* [AIM OF THE TASK]: Using the entries below, copy exactly each line from the line with "What happens if" up to and including the line with "Epsom salt bath", with every picture left out.

* [INPUT DATA]:
------
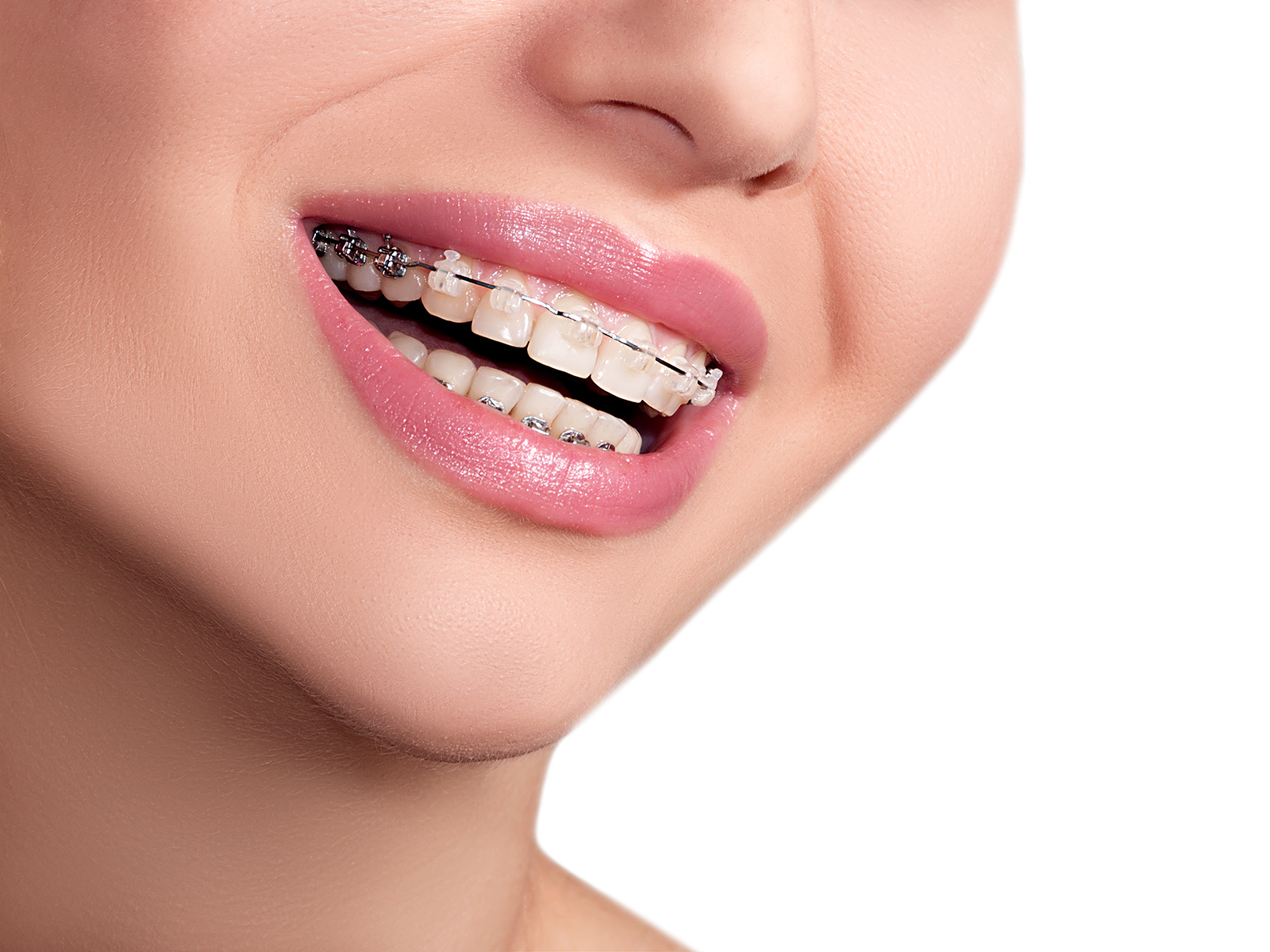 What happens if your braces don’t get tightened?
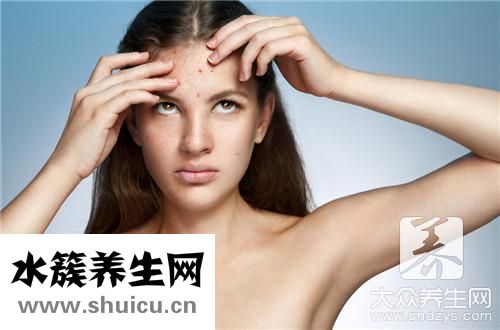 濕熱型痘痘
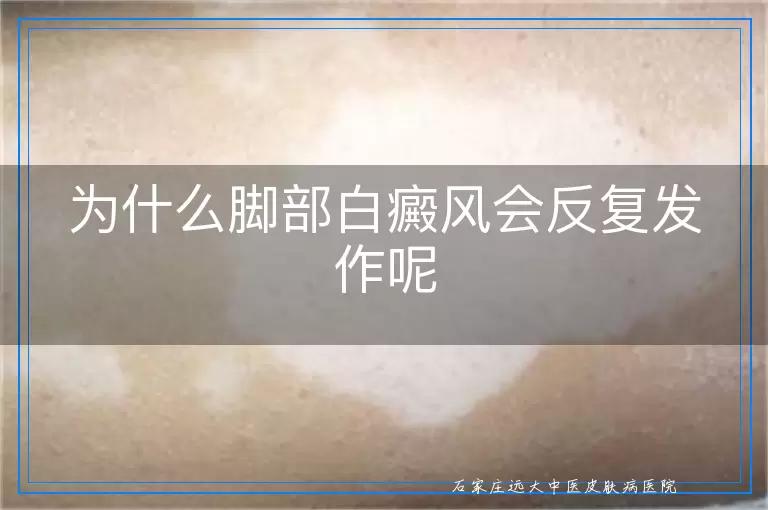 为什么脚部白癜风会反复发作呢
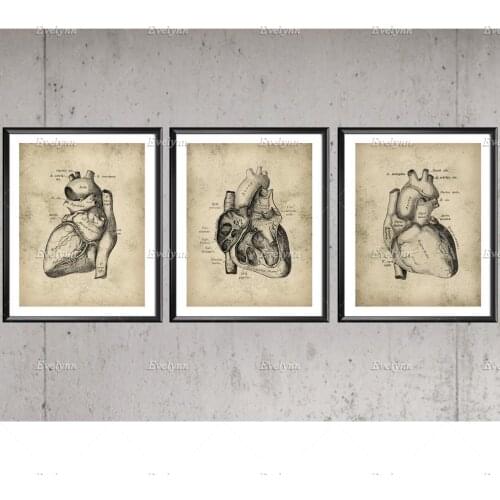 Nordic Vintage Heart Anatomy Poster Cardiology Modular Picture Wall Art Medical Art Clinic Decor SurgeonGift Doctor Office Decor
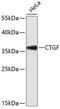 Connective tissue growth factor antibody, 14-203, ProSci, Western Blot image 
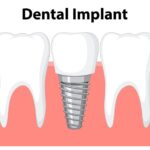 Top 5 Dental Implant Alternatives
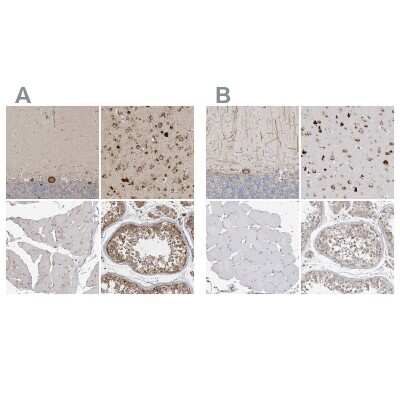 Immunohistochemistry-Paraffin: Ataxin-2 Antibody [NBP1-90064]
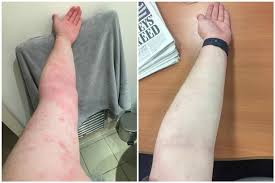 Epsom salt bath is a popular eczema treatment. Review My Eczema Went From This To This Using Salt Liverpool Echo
------
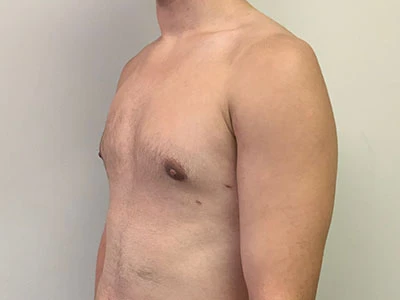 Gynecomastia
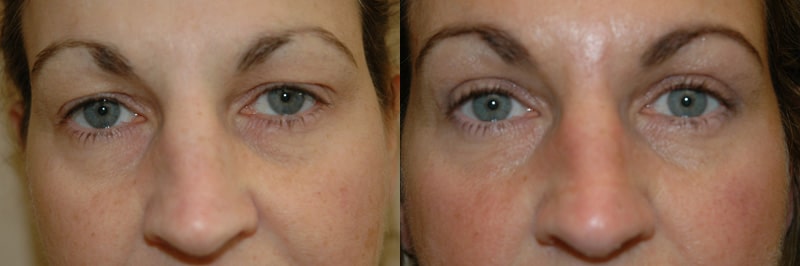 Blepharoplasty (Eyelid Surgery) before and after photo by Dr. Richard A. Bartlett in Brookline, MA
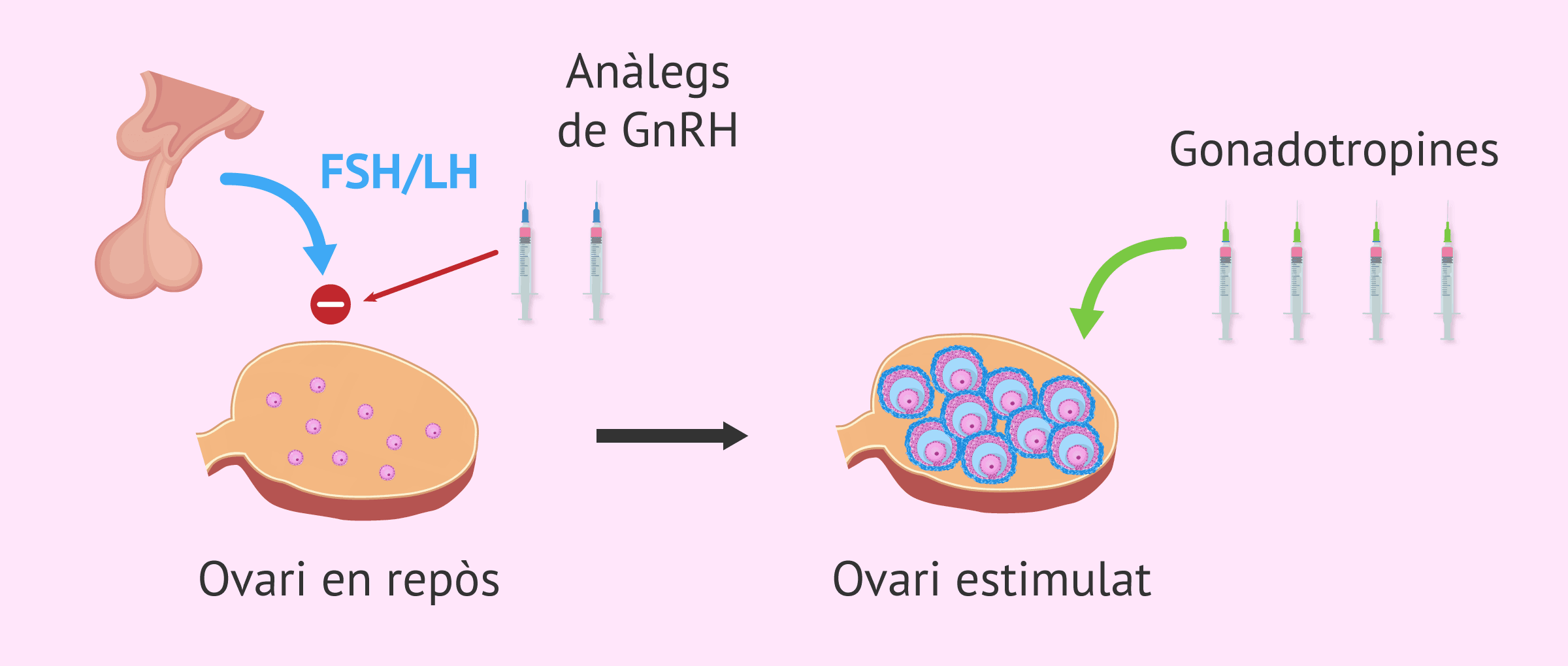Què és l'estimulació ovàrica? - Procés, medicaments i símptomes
------
* [COMPLETED EXERCISE]:
 What happens if your braces don’t get tightened?
 濕熱型痘痘
 为什么脚部白癜风会反复发作呢
 Nordic Vintage Heart Anatomy Poster Cardiology Modular Picture Wall Art Medical Art Clinic Decor SurgeonGift Doctor Office Decor
 Connective tissue growth factor antibody, 14-203, ProSci, Western Blot image 
 Top 5 Dental Implant Alternatives
 Immunohistochemistry-Paraffin: Ataxin-2 Antibody [NBP1-90064]
 Epsom salt bath is a popular eczema treatment. Review My Eczema Went From This To This Using Salt Liverpool Echo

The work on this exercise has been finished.